I was going to start with a book for healthy living because big surprise I am athlete and supermodel (minus the protruding I- haven't-eating-anything-but-lettuce-in-years bones and angry face) held hostage in couch potato-Wendy's loving body. So here is the problem I did not account for the fact that my inner procrastinator (I call her Tammy) was going to take this opportunity to sit on her ass and reach for a chocolate frosty and remote...oops. Add to this that as of last night I have successful done the impossible *** drum roll please*** Yes I have killed a Honda. A Honda Accord to be exact! I have killed the only car that will probably still be on the road when the rest of the planet is flying around in hover cars. The Terminator of cars and I manage to break mine. My mechanic is in awe.
So factoring in Tammy's uncooperation, my dead Honda, and my confirmed reservations for 1 to the pity- party, clearly the idea of happiness and self-improve are on a distance horizon that I have no intention of heading towards because I have been wallowing with a capital WALLOW.

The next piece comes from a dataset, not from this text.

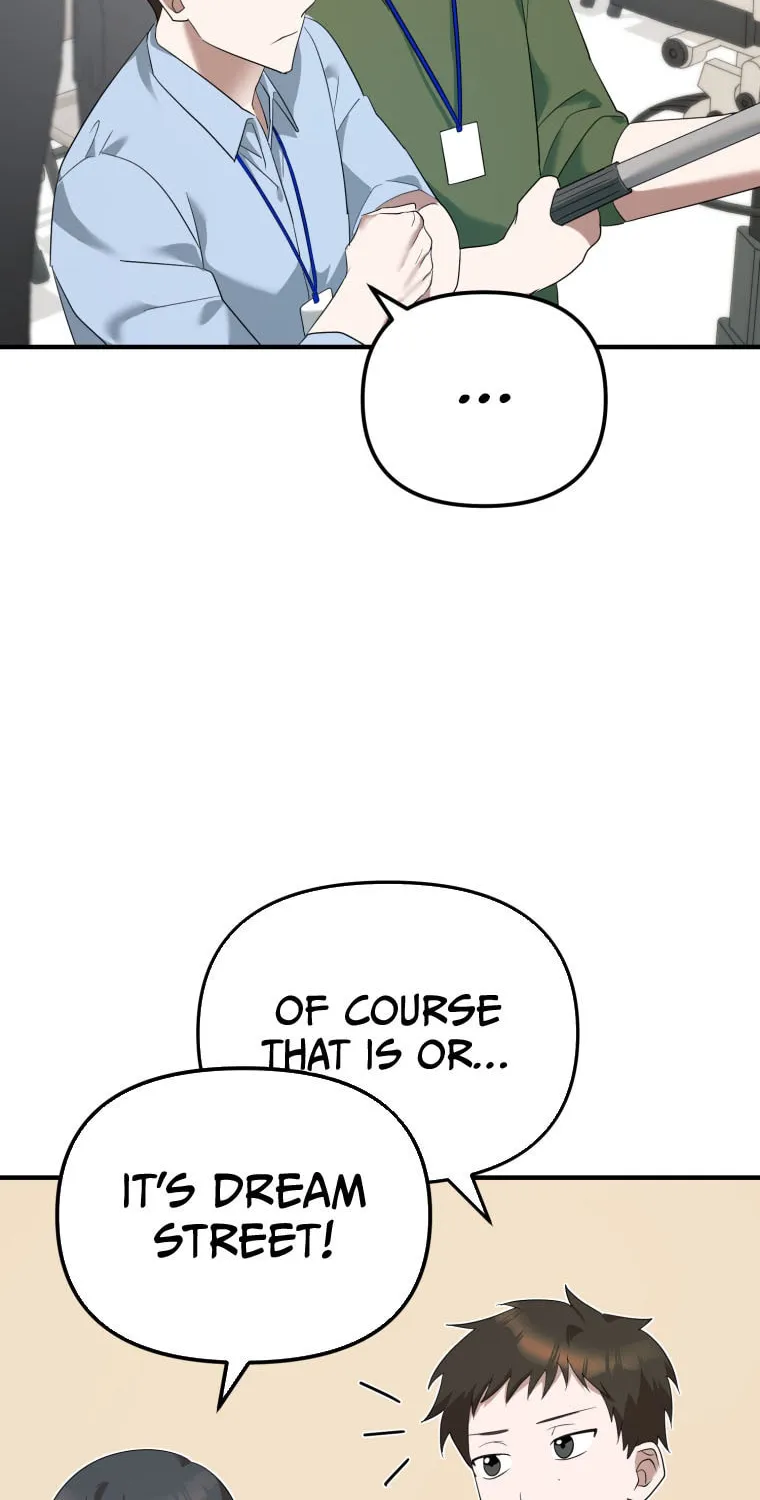 Top Star's Talent Library Chapter 58 page 28 -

However just before I decided to institute my self-pity chocolate hibernation plan I thought I would check out my horoscope...you never know maybe it would have some good advice on what chocolate I should take to the hibernation cave. Good advise such as "because Mars is in the third house you should take Snickers to the cave of self-pity because they will travel well and are good for humid climates."

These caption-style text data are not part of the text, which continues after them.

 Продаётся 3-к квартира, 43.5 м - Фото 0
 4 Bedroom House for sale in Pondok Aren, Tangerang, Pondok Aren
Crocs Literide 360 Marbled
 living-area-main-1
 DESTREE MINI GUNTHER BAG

But alas there was no chocolaty advise this is what I got instead:
"Aquarius (Jan. 20 to Feb. 18) The Sun and Venus are activating your Sixth House
of work and service, keeping you preoccupied with the mundane details.

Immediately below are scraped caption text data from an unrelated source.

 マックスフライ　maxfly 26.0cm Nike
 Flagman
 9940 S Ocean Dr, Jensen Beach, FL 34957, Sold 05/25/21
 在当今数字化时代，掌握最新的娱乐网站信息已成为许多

Establishing healthy routines may not sound terribly sexy, but could be key to
attracting a new romance or improving a current partnership. Doing what makes
you feel good on a regular basis boosts your self-esteem and enhances your
attractiveness."
It seems like either:
A.) the universe wants me to follow through with my plan
OR
B.) my mother has learned how to post information on the Internet
Uh ok it is probably "A" since my mother can barely check her email. It seems like the universe is holding an intervention just for me (aren't the lucky one). I guess I cannot argue with the universe... besides what is more healthy the walking? Which is what I will be doing until a can resurrect my car...sigh *** who hell kills a Honda? Frickin' Ridiculous!!!
Anyway we shall see. Gotta go and see if I can drag Tammy off of the couch.